Thursday, September 30, 2010

Draftsmanship

The art and craft of drawing.

That’s like saying beauty is what is beautiful.

What is draftsmanship and why should an artist care?

Draftsmanship is the underpinning of any composition; it is the structure behind the paint, the graphite, the clay. The Old Masters knew it, they spent years as apprentices, mixing their master’s paint, copying the art of earlier masters, learning the secrets and subtleties of shade and light. And boy does it show. Even the modern masters, who deconstructed the image and sought new ways of seeing, knew their draftsmanship. The light and color of Lautrec, the fractured grotesques of Klee and Picasso, the Pointillists and Cubists all of them could draft.

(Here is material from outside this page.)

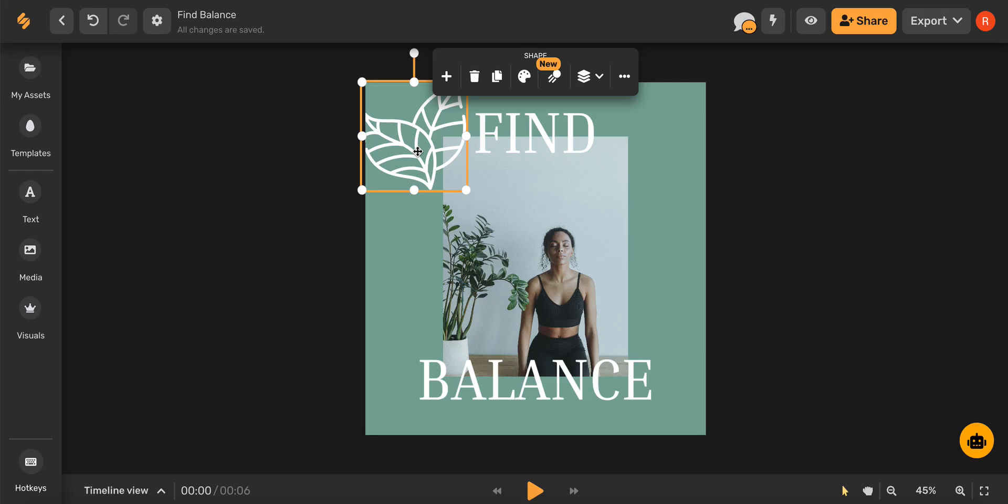First, select the element that you would like to animate and then click the animate icon in the top toolbar.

What’s the difference? I’m an abstract artist, more interested in form and color. The difference is that people have trouble seeing something they cannot identify. If they can’t find the form inside the image they just can’t see it.

So, there’s no image just colors and shapes. The thing has no form, it’s abstract.

Even the most wildly abstract images have form. Mondrian used hard geometrics as the basis of his images, Jackson Pollock’s splatter patterns have strong groupings of lines and colors, they have form.

And just in case your image does have some underlying form it has to be right. If the form is wrong then the piece fails. The most terrifying image an artist can make is a bad nude. It’s immediately apparent. The trouble is we all have seen a nude. (If only in the fogged bathroom mirror as we run from the shower to the dresser to get our drawers.) We know when it isn’t right.

Now add to that some bit of artistic license and you have an eye-catcher alright, but not the way you’d hoped. People will spend hours starring at your work, but not to understand the meaning, they want to know what the heck you covered up!

Building, motor vehicles, sports and even relaxed senics or Norman Rockwell vignettes, all have to be under-pinned by draftsmanship.